#### [TASK GOAL]
Each line of the listing below, from the very first to the one that contains "Sept professionnels souriant", is to be retyped exactly as it stands.

#### [DATA SUPPLIED]
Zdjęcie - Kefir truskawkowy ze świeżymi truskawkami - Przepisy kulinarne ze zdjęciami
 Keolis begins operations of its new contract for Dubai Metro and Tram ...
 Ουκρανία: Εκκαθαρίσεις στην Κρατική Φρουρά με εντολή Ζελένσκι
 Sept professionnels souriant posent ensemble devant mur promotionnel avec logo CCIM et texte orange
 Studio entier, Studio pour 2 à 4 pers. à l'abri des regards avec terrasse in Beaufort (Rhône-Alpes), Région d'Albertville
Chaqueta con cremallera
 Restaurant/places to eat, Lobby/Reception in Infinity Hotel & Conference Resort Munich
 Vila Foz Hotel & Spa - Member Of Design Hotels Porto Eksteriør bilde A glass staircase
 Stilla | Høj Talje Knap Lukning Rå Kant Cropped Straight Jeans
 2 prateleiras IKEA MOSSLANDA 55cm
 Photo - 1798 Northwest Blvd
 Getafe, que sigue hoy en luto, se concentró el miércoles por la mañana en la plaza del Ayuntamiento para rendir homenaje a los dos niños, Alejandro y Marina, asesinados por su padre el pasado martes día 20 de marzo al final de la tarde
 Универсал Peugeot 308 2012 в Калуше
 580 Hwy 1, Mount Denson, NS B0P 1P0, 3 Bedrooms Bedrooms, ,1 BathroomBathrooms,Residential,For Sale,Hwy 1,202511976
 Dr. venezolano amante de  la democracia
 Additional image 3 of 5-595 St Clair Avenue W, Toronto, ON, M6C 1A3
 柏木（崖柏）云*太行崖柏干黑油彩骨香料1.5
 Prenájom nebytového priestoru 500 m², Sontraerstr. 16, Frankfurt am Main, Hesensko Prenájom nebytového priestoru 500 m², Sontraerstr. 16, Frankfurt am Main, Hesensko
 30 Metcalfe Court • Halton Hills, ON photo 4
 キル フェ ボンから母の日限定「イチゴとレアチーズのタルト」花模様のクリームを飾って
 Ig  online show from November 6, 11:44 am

#### [RESULT OF THE TASK]
Zdjęcie - Kefir truskawkowy ze świeżymi truskawkami - Przepisy kulinarne ze zdjęciami
 Keolis begins operations of its new contract for Dubai Metro and Tram ...
 Ουκρανία: Εκκαθαρίσεις στην Κρατική Φρουρά με εντολή Ζελένσκι
 Sept professionnels souriant posent ensemble devant mur promotionnel avec logo CCIM et texte orange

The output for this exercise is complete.